In this architecture, EMQX handles device connectivity, message transmission, and rule-based processing, while Datalayers takes care of data storage, analysis, and visualization. Together, they form a scalable IoT platform for efficiently collecting and analyzing real-time data on energy consumption.

Starting from EMQX 6.0.0, Datalayers supports Arrow Flight SQL, a high-performance binary communication protocol based on Apache Arrow. Compared to the traditional InfluxDB Line Protocol, Arrow Flight SQL offers more efficient data transfer and stronger support for writing structured data.

Note

The Arrow Flight driver is implemented in Rust and integrated into the Erlang VM via Native Implemented Function (NIF). This feature is currently experimental and recommended for testing environments only.

The specific workflow is as follows:

  1. Message Publishing and Receiving: Devices connect to EMQX via MQTT and periodically publish energy-related metrics such as power, current, and voltage. EMQX receives these messages and passes them to its rule engine.
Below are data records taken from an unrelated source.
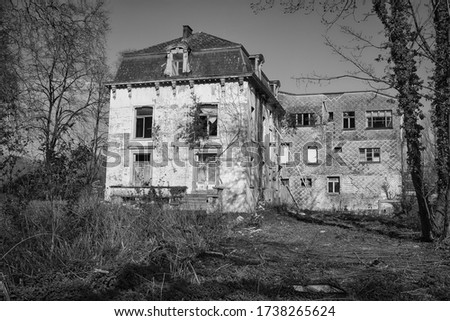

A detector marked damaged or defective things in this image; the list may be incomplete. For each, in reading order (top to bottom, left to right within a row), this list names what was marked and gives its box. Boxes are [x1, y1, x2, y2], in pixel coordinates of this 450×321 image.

broken window [135, 107, 153, 138]
broken window [199, 104, 218, 136]
broken window [366, 110, 390, 127]
peeling plaster wall [280, 91, 402, 211]
broken window [133, 152, 152, 185]
broken window [326, 175, 342, 192]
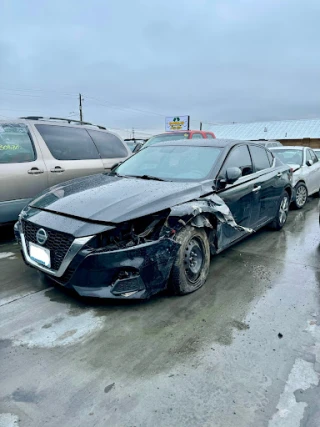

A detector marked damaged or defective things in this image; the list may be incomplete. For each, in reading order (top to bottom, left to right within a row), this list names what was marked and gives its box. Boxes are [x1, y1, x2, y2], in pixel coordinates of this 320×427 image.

crumpled hood [31, 173, 206, 222]
damaged black sedan [15, 139, 292, 300]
  2. Rules Engine Processing Messages: EMQX’s built-in rule engine matches incoming messages based on topic patterns and processes the data. This may include transforming payloads, filtering fields, or enriching with contextual information.
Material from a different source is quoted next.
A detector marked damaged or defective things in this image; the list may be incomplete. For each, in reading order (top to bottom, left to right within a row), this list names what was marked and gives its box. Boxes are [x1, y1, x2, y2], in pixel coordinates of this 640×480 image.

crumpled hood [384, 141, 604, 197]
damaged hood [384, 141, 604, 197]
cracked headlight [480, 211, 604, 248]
  3. Writing to Datalayers: When a rule is triggered, it executes a Sink action that writes the processed data to Datalayers. Sinks support customizable SQL templates that define how fields are mapped into Datalayers tables and columns.

    EMQX supports two write methods:

    • InfluxDB Line Protocol
    • Arrow Flight SQL Driver

    The Sink configuration differs depending on the chosen method.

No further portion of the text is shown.